Talking with people is another way to break through boundaries. When others tell you information you don't know, it can always open your eyes, but when you express your thoughts, it's also a way to reorganize your own thinking. From the exchange of information between both parties and immediately reorganized thinking, new ideas can always be sparked.
This is also why casual chat is so important. Because casual chat itself has the quality of no clear purpose, which can instead better promote the exchange of various different ideas. This is also why the office pantry is important — because it's a hub for casual chat. When communication has a premise, thinking may not be able to proceed so freely. For example, video conferences almost always have a specific purpose before they can unfold, so the value they provide is very different from casual chat.

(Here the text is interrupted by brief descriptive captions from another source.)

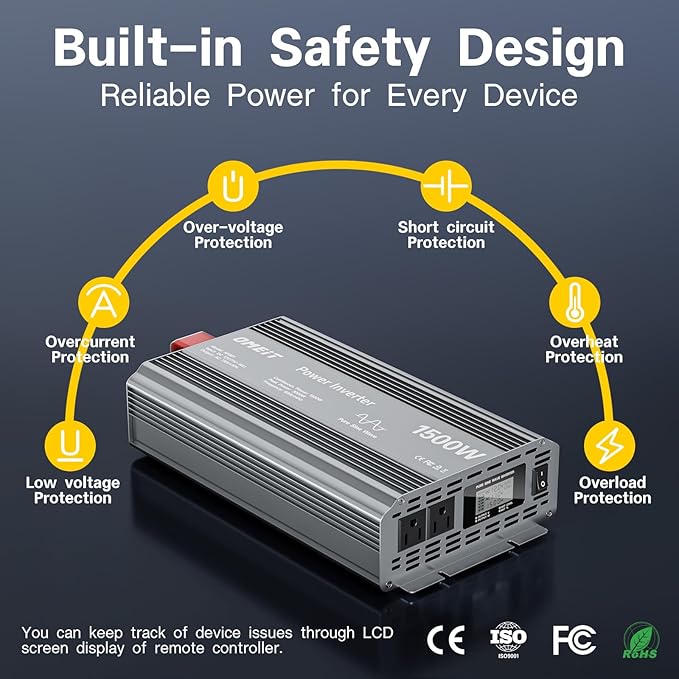 1500W Pure Sine Wave Power Inverter, 12V DC to 110V/120V AC for Car, RV, Truck, Home, Off-Grid, Camping with 2 AC Outlets, LCD Display and 3000W Surge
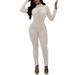 TAIAOJING Women s Overalls Casual Nightclub Sequin High Neck Long Sleeve Jumpsuit Evening Party Slim Fit Bodysuit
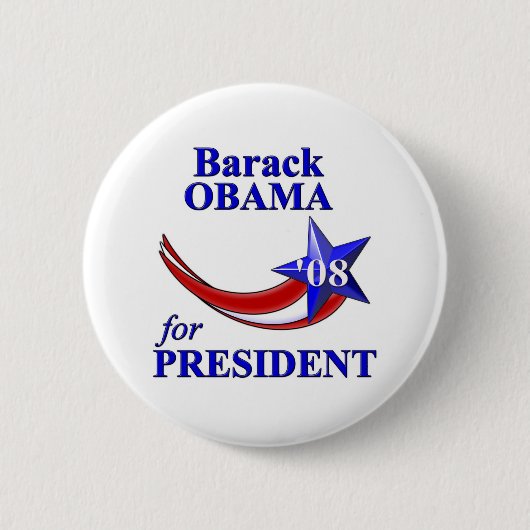 Badge Rond 5 Cm Barack Obama 08 (Devant)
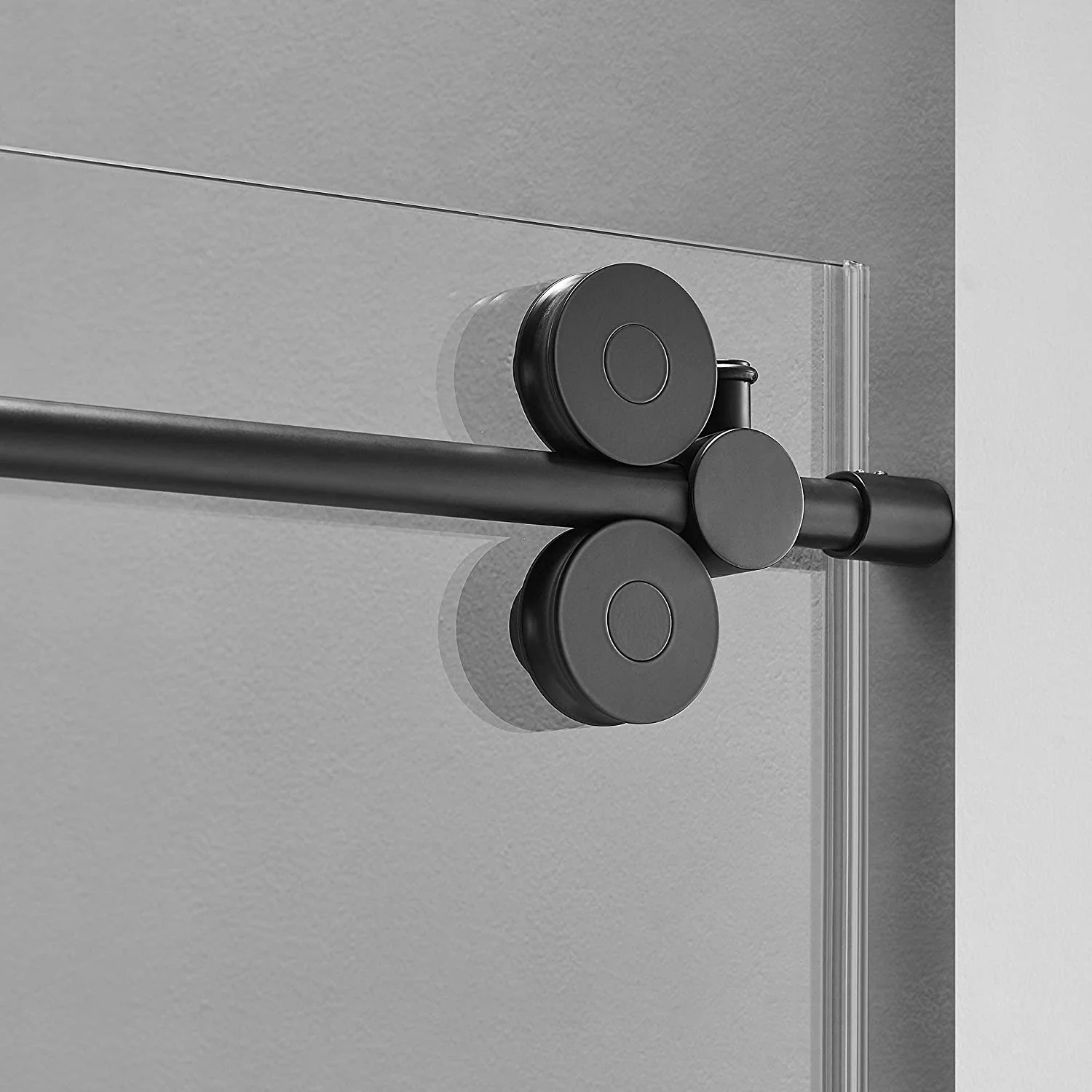 Serene Valley 60 x 74 Inch Big Roller Frameless Sliding Shower Door, Matte Black - Image 8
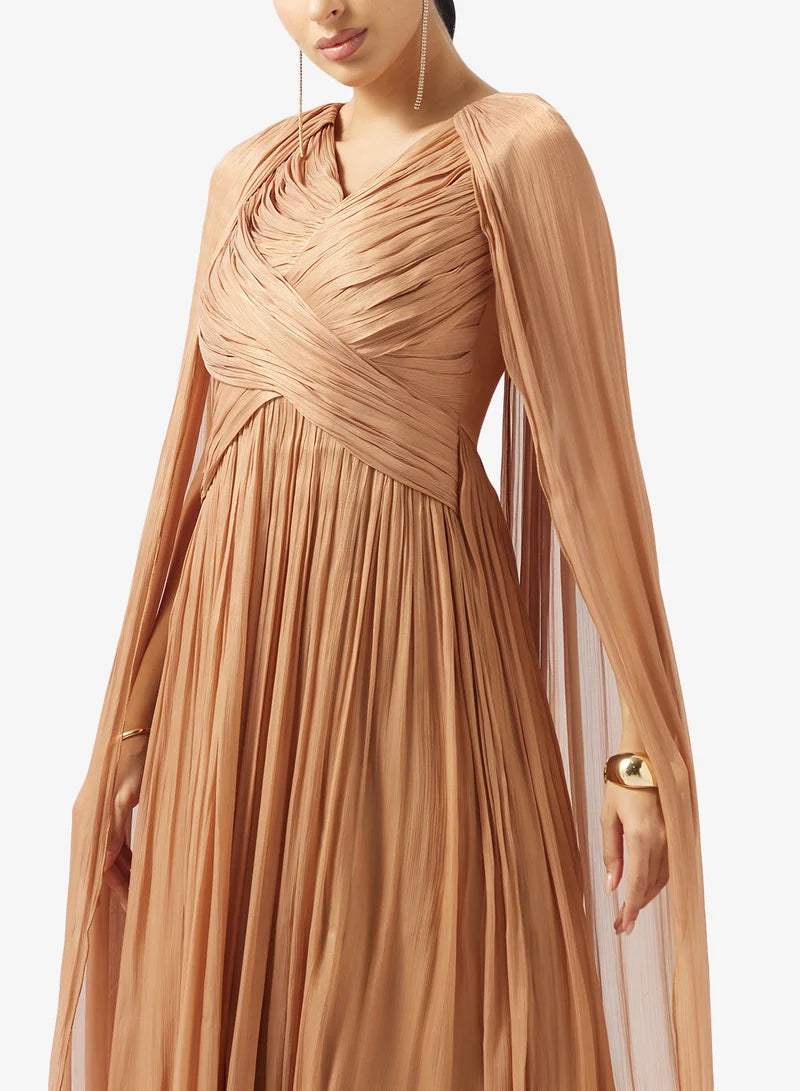 Pleated Chiffon Dress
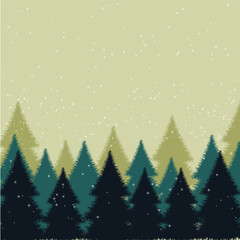 Obraz premium Winter Forest Background With Snow And Soft Green Sky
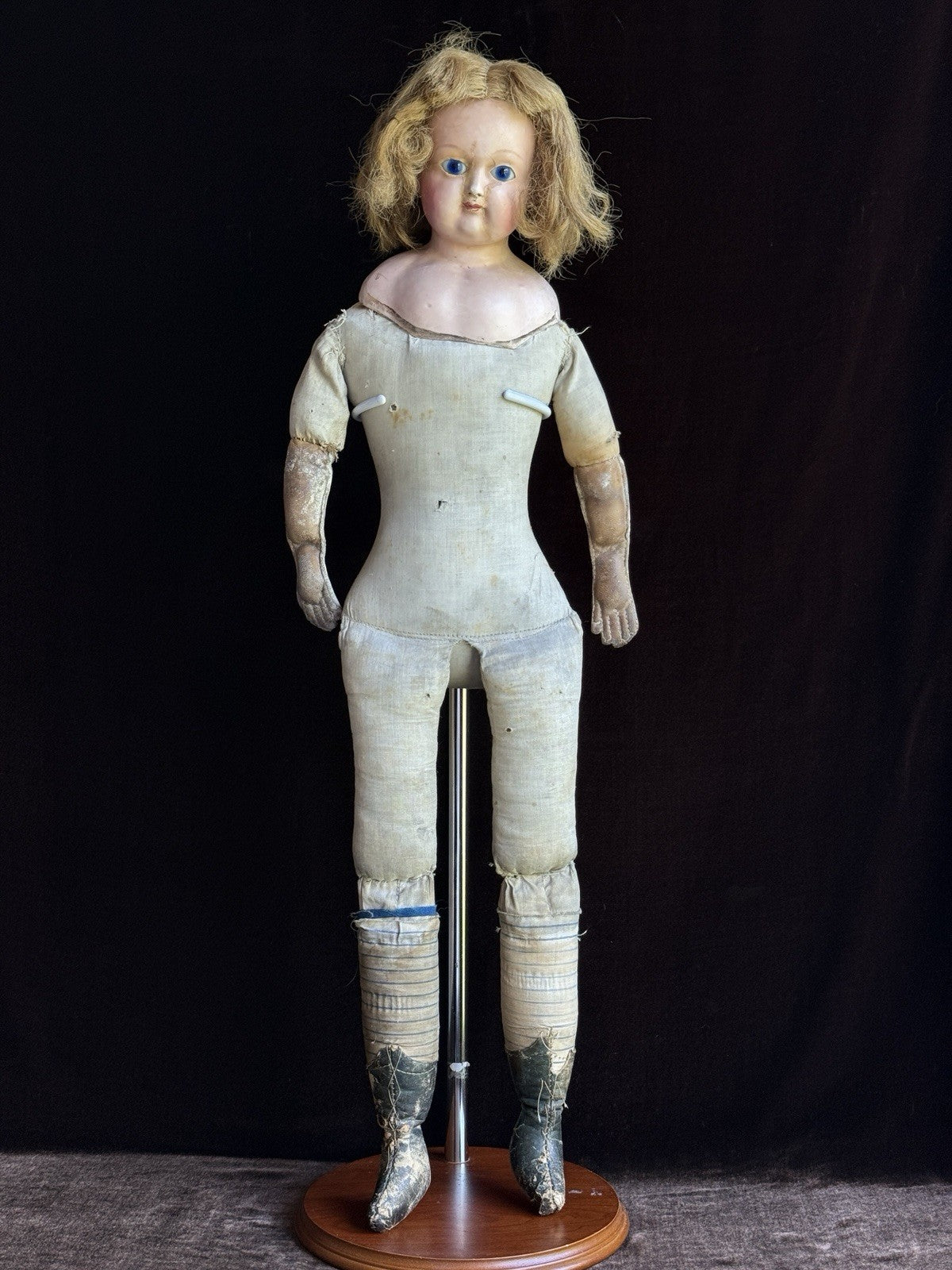 Antique German 26” Wax Over Papier Mache Doll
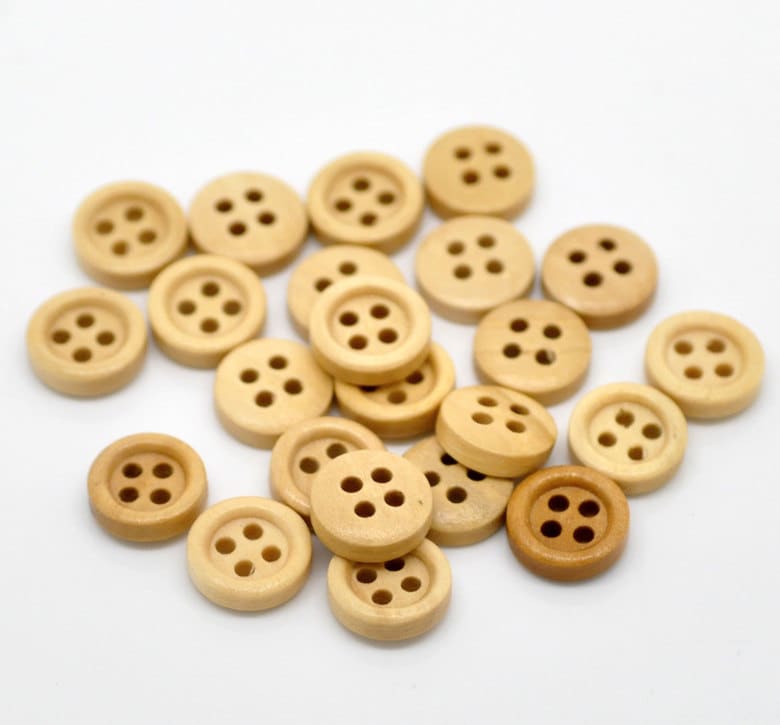 100 Natural Light Brown Wooden Buttons - 11mm or 13mm - 4 Hole - Wood Button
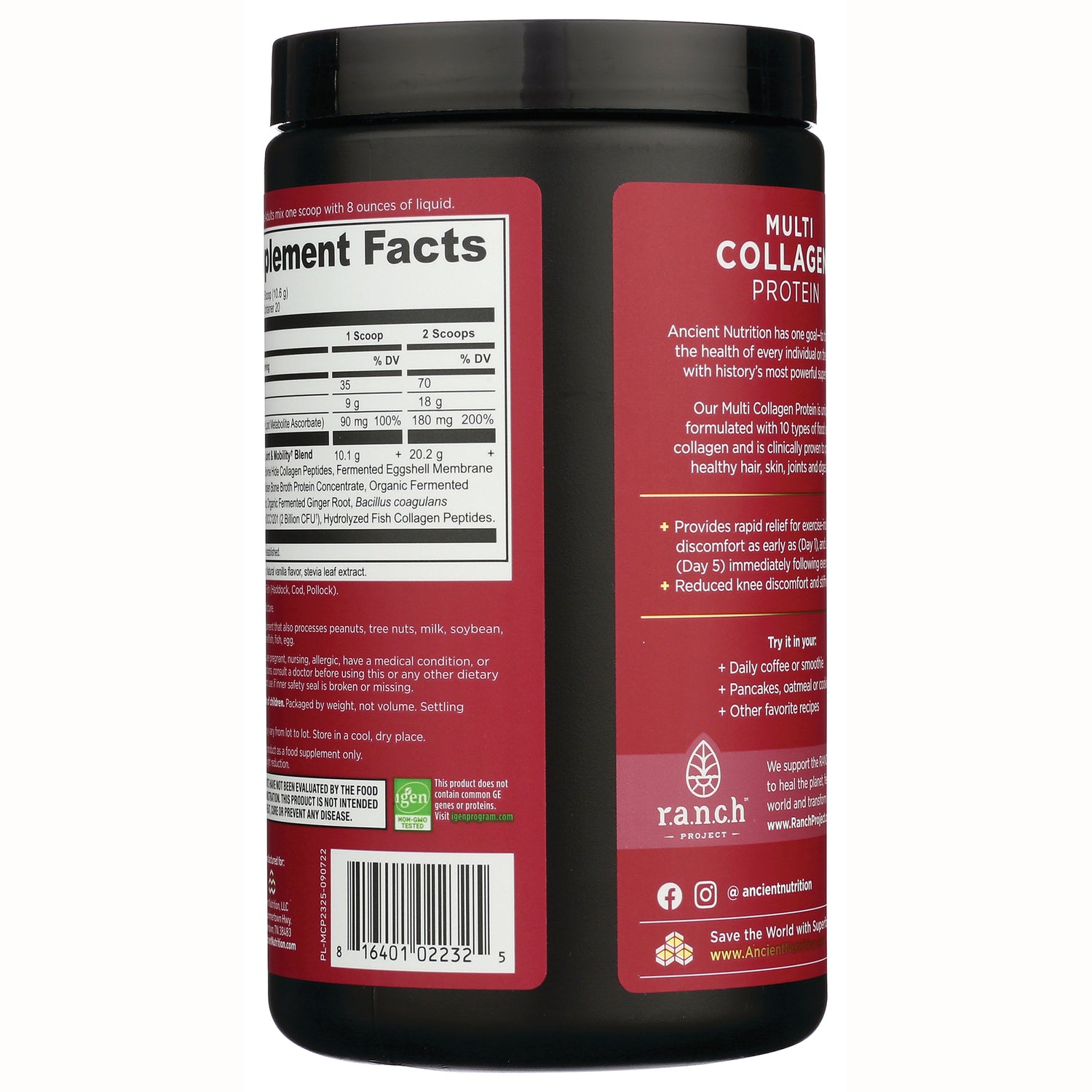 ATN049 | Back label showing supplement facts panel, usage text and barcode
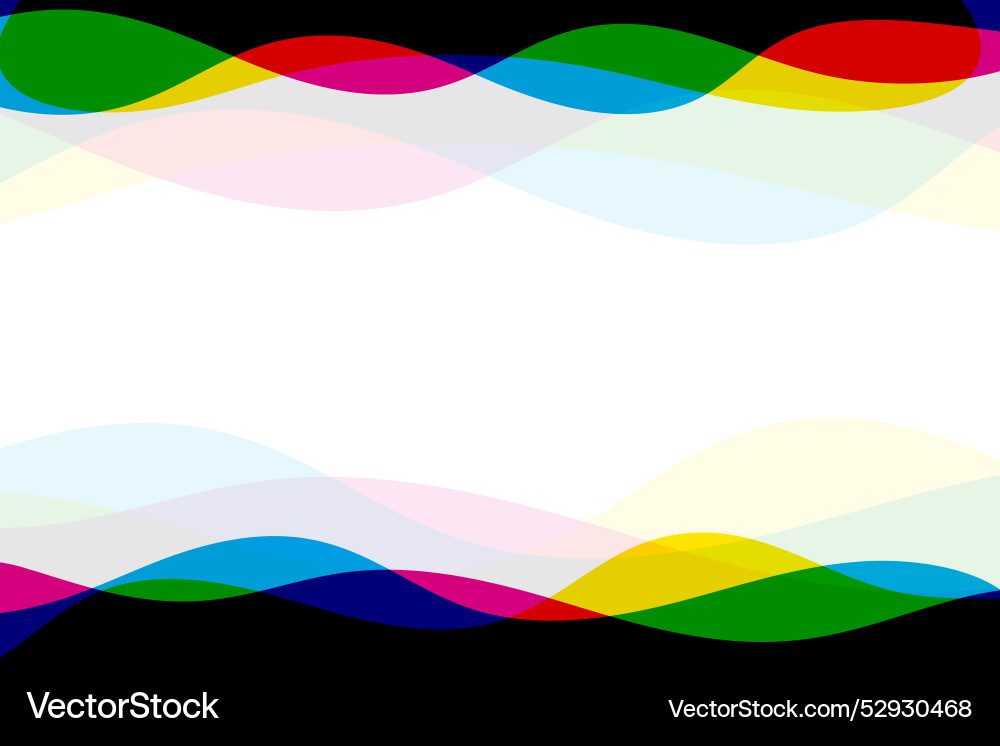 Wavy style cmyk colors line background with text vector image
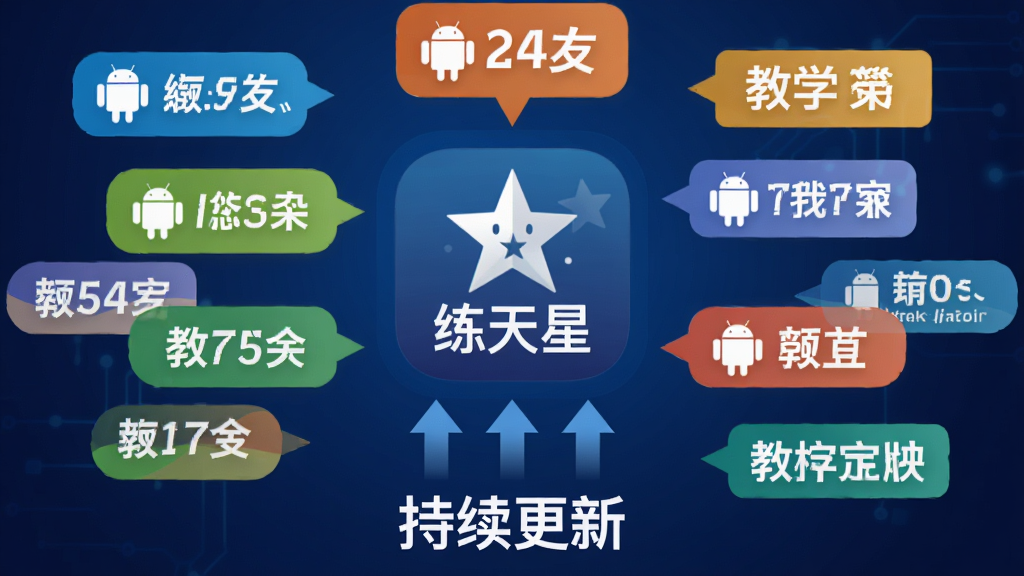 一张展示应用更新与兼容性的概念图,画面中央是“练天星”应用图标,周围环绕着多个安卓系统版本号标签和教材版本标签,图标下方有箭头指向“持续更新”字样。背景为深蓝色渐变,图标和标签采用扁平化设计,色彩鲜明。整体风格科技感十足,画质清晰,无多余元素。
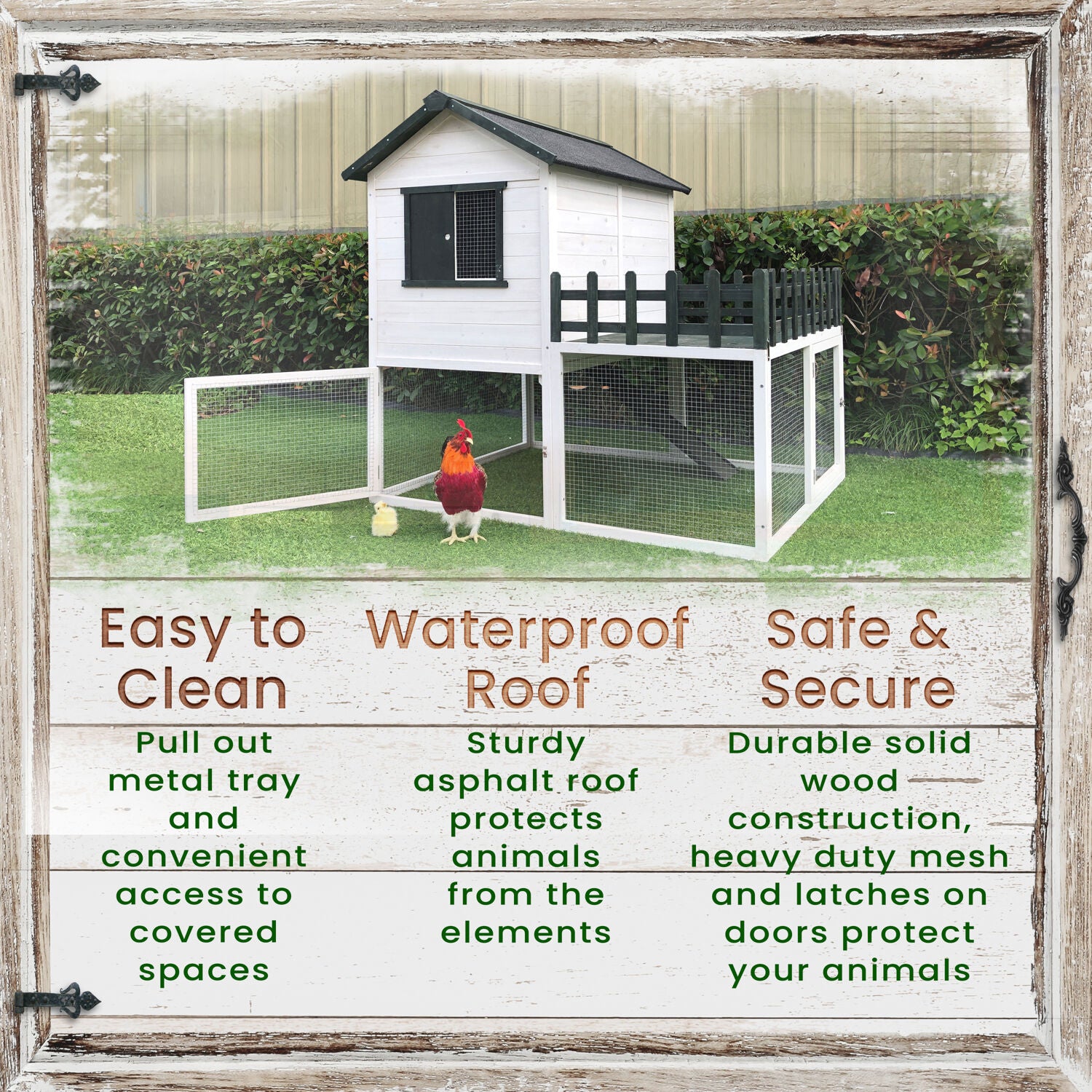 Hanover Elevated Wooden Chicken Coop with Ramp， Planting Area， Wire Mesh Run， Waterproof Roof， 4.25 Ft. x 4 Ft. x 4.2 Ft.
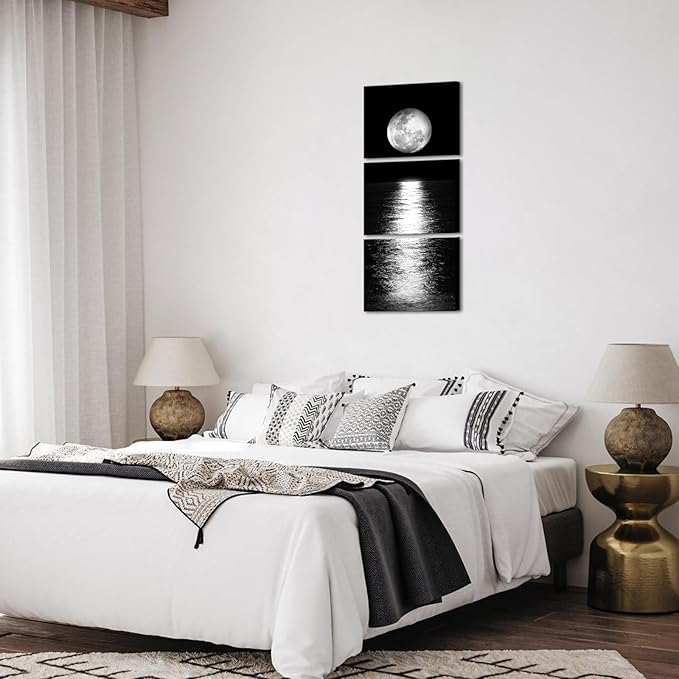 Artmyharbor Full Moon Phase Canvas Wall Art Vertical Black and White Picture - Image 3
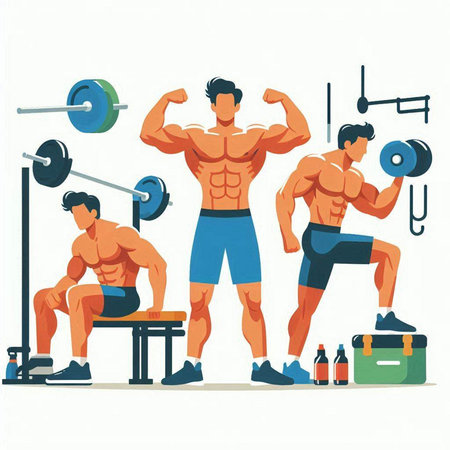 Bodybuilding. Vector illustration in flat style isolated on white background.のイラスト素材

There's No Such Thing as Stable Boundaries
I've talked about many things related to boundaries above — threads I've gradually sorted out through various reading and conversations. I found that boundaries are everywhere in life, so being aware of the existence of boundaries has brought me many interesting ideas and changed my behavior through understanding the existence of boundaries.
Realizing that the rope metaphor in Death Stranding is a kind of boundary, the "The Line, the Borderline, and the Floating Boundary" exhibition previously shown at Chiayi Art Museum curated many artworks about boundaries, whether the transparent thoughts of the Trisolarans in The Three-Body Problem make it impossible for them to form different individuals through lying as a boundary, etc.
These thoughts both troubled and inspired me, so let me summarize here.
Finally, I want to say that there's no such thing as stable boundaries. The distance between people changes, and the Tropic of Cancer isn't forever on that line set by the monument. After understanding this principle, I realized that in the world, unless you reach the indivisible microscopic world, you can find what might be clear boundaries, but nothing else in the world has them. Even "seas dry up and rocks crumble" isn't forever — it depends on how you observe the dimension of time.
Pomodoro doesn't have to be twenty-five minutes. This boundary is just through limitation to make things measurable. The intimacy between people changes with events and deeper understanding. Everything is like the coastline — seemingly clear, but actually the coastline has its width, changing with waves and tides, just like human relationships advance and retreat like dancing a duet.
After recognizing this, when boundaries change, you won't be at a loss, and you can accept that what never changes is that everything changes.